Mother used to tell us of her visits to her aunts in Glasgow, and of spending days and evenings in the home of one of the poet preachers - Dr Horatio Bonar.
I was told that Grandfather Browne was responsible for most of the decorative iron-work – railings etc – in Derry city. I remember him as a big, affectionate man who lavished sweets and pennies on us children, We spent those coppers in a little, dark shop two steps down from the road, where a little old woman dispensed thick sticks of caraway rock and peppermint out of jars with tight-fitting lids.

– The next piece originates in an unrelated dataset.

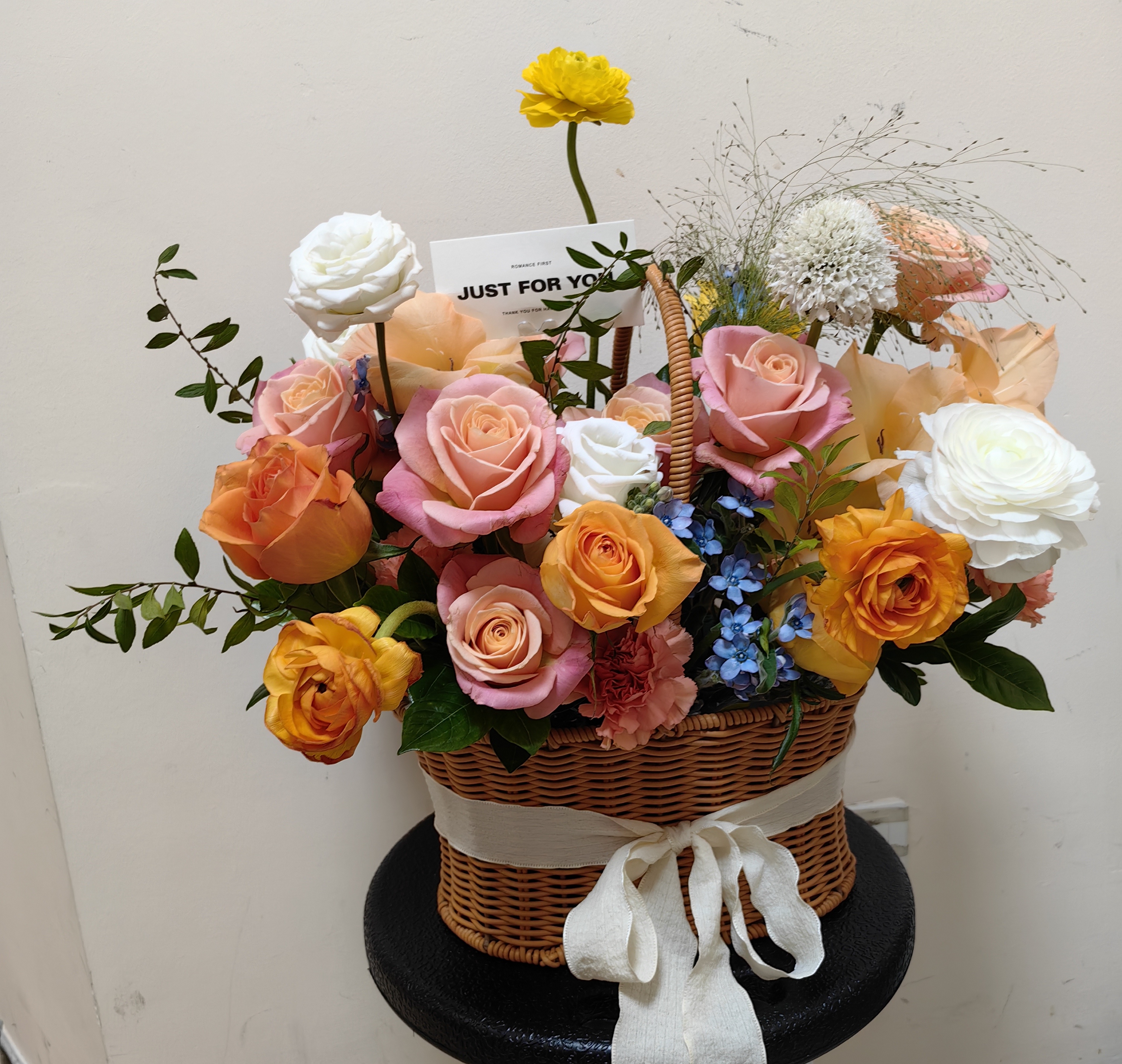 a9135aac8afbf1f0a673531da86df51.jpg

Whenever I spent a few days at Grandma Browne’s home, I wondered at, and was rather scared by the rows of big, equal-sized gilt-framed portraits adorning the dining room walls, but wakened with delight to the sound of the sirens, steam whistles “blowing” and movements of shipping on the River Foyle, and at the wharves.

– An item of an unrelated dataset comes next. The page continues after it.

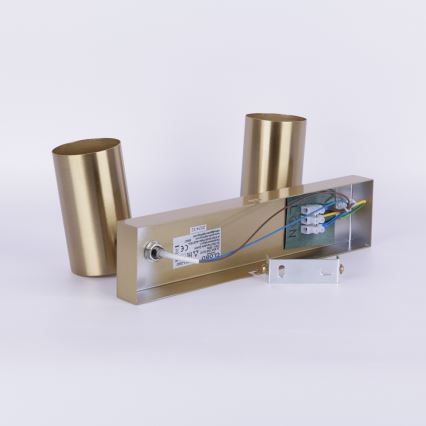 Globo - Reflektor 2xGU10/35W/230V zlata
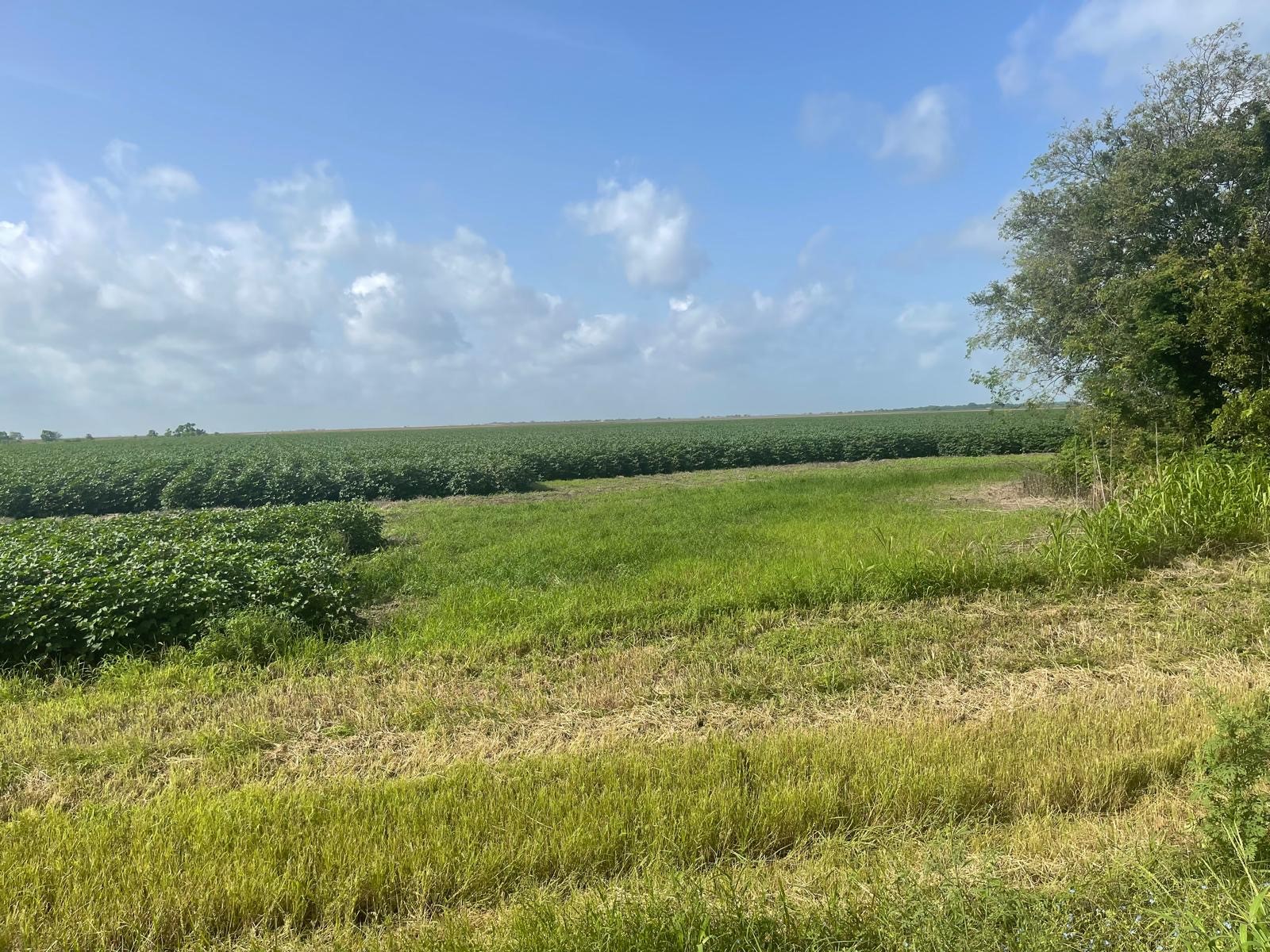 10815 Koym Road Beasley, TX 77417 - Photo 8 of 8 a view of a lake with a big yard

On Boxing Day we always had the Robertson family from Derry come for the day. Father and Uncle A went off shooting with a party of local men, coming home just in time for dinner, with rabbits, hares, and birds of various kinds, that lasted both families for a week afterwards. On 30th October they used to come to celebrate All Souls’ Day, or All Hallows’ Eve, with us. We used to look out excitedly to see them coming up the street from the railway station with Father, who had gone to meet them. There was usually a whitish mist rising from the ground. We children did not go to meet them, but they appeared through the gathering darkness, and celebrations began almost before they were indoors. Uncle and Auntie, Daisy, Jean, Alex, George, and Jim.

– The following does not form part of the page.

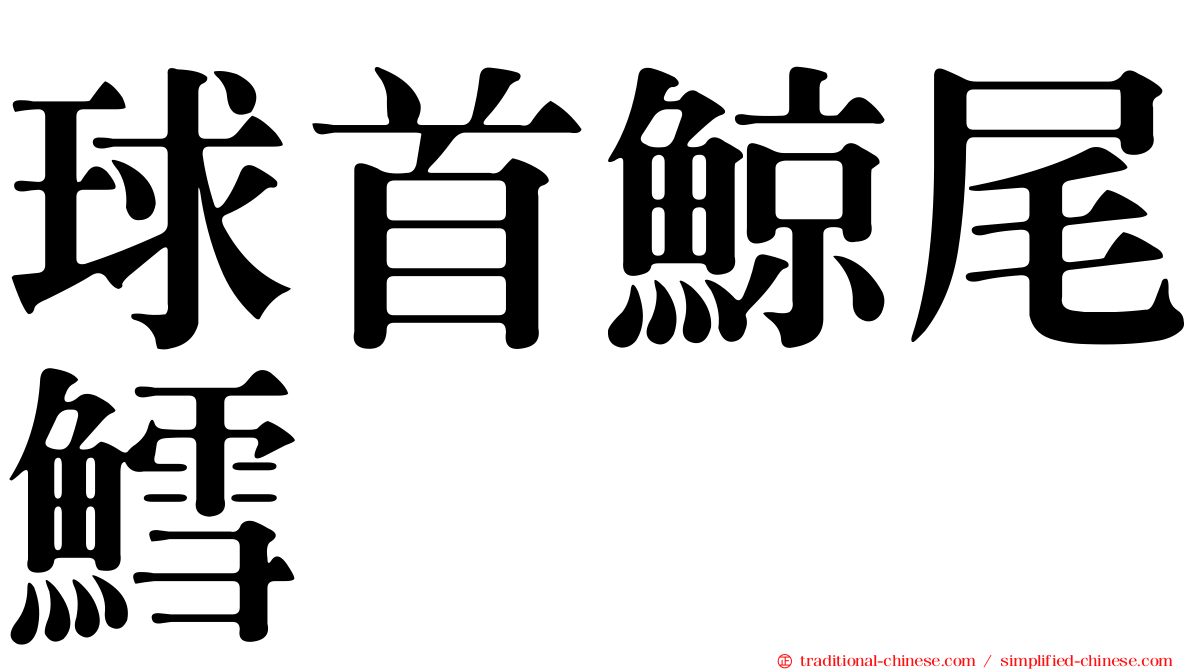 球首鯨尾鱈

Apples were hanging on strings suspended near the ceiling, tubs of water on the floor contained more apples, with a supply of forks, dropped from the mouth to spear them with. White sheets as wraps for “ghosties” to dress in, to hunt for cabbage stalks and so discover the names of our future life partners. Each person carried a cabbage stalk from the garden, then, clutching it firmly, listened outside someone’s window – any name overheard in the indoor conversation was supposed to be the name of the clutcher’s wife or husband-to-be! When the water and apples and tubs etc had been cleared away, nuts were produced. They were placed in pairs on the bars of the hot grate, where they burned side by side, watched excitedly, while they flamed calmly together or spluttered and spat at each other, thus prophesying what each couple’s future would be like!
Our cousins would stay all night, returning next day to Derry by an early train. Daisy and Jean, Edith and I shared one bed, pushed up close against the wall, and sleeping cross-wise instead of length-wise."
Since the John Browne the Engineer and Iron Founder who died on 29 June 1897 was married to a Sarah, I am wondering if my gm Ada Cunningham's recollection of Margaret Rutherford Andrews as her grandmother on the Browne side might be not quite right or her recollection of the iron works might be not quite right.
I have included the extract in the hope that it might jog the memory of someone who knows the family, as I would love to be able to confirm my ancestry on this line, and I haven't had much success so far with my limited research skills. In any event, the descriptions of a life style long gone might be of interest to others.